→ What you should do:
Repeat every record exactly, omitting the pictures.

→ Given records:
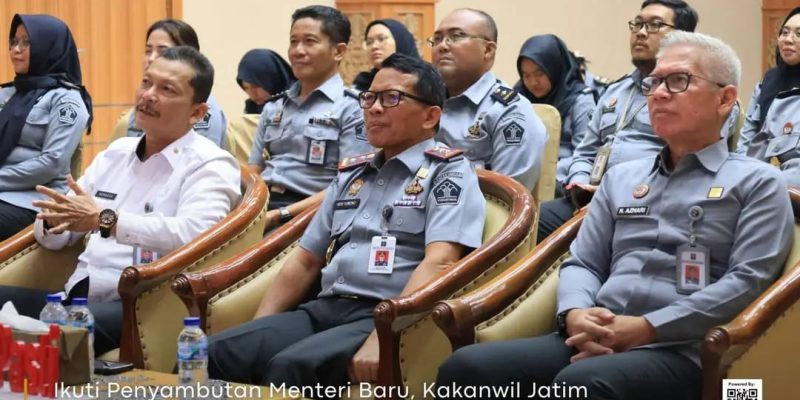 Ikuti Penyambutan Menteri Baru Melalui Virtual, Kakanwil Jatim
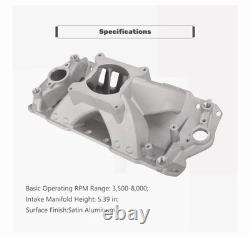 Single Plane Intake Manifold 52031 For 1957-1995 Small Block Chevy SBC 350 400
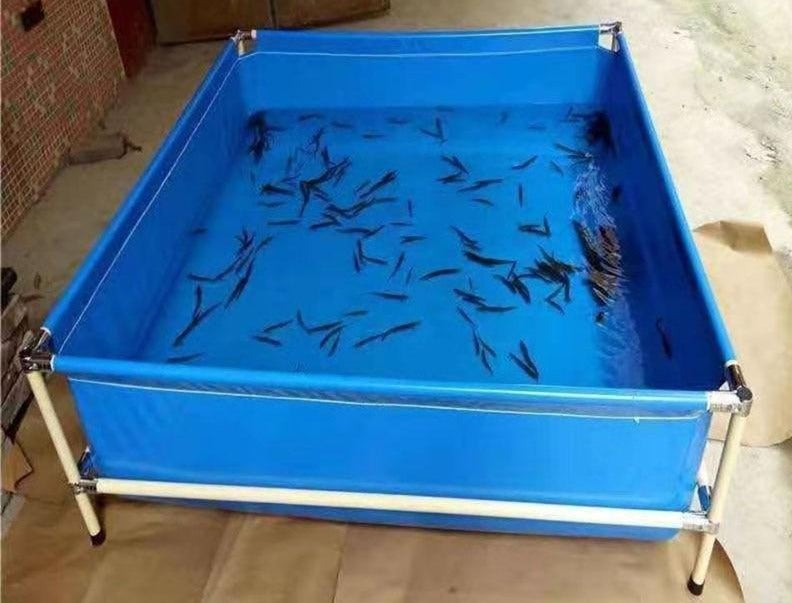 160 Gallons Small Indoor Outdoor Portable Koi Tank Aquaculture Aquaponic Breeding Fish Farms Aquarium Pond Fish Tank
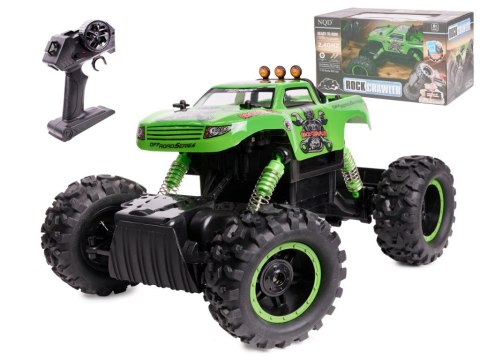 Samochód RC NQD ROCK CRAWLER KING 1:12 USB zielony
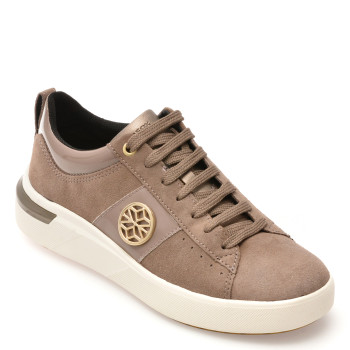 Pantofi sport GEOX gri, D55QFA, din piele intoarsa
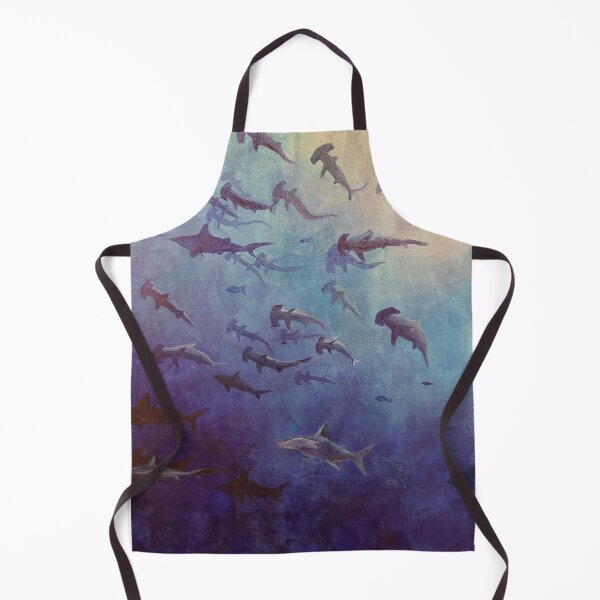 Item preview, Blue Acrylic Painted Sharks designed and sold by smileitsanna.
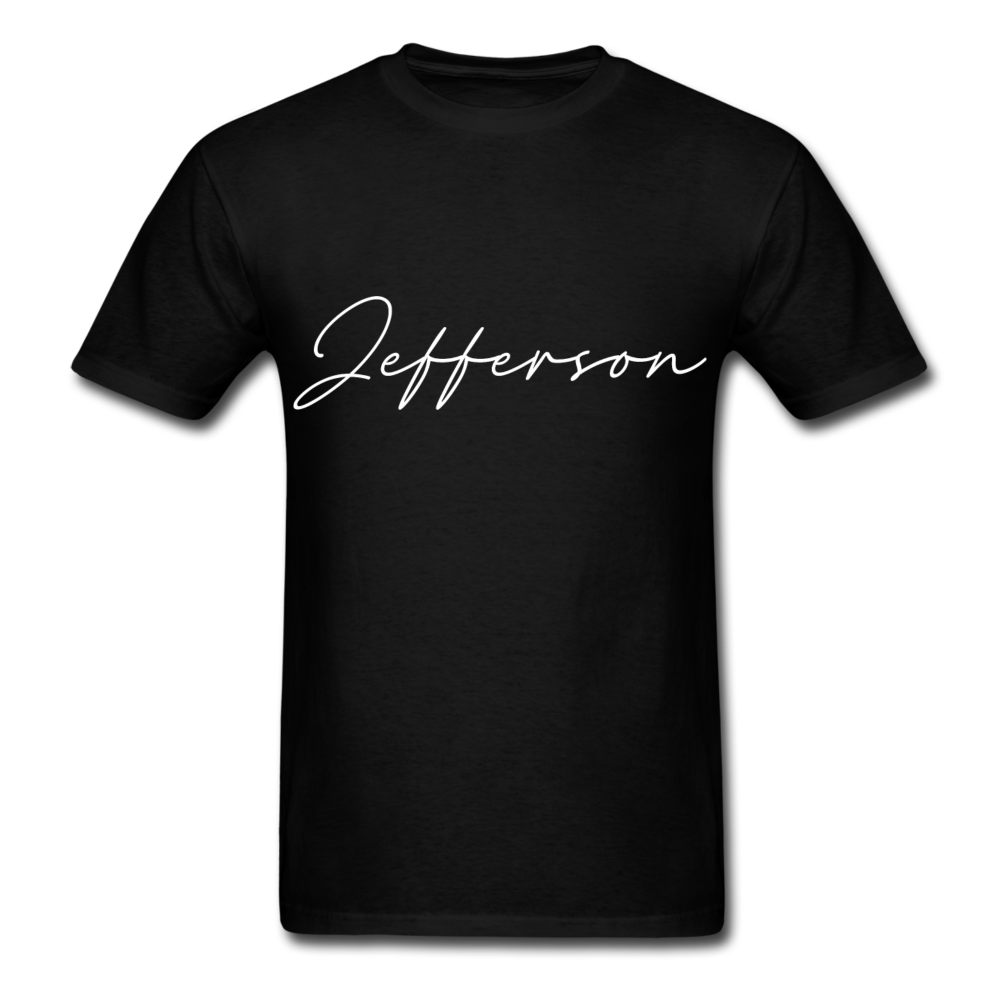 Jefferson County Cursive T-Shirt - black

→ Answer space:
 Ikuti Penyambutan Menteri Baru Melalui Virtual, Kakanwil Jatim
 Single Plane Intake Manifold 52031 For 1957-1995 Small Block Chevy SBC 350 400
 160 Gallons Small Indoor Outdoor Portable Koi Tank Aquaculture Aquaponic Breeding Fish Farms Aquarium Pond Fish Tank
 Samochód RC NQD ROCK CRAWLER KING 1:12 USB zielony
 Pantofi sport GEOX gri, D55QFA, din piele intoarsa
 Item preview, Blue Acrylic Painted Sharks designed and sold by smileitsanna.
 Jefferson County Cursive T-Shirt - black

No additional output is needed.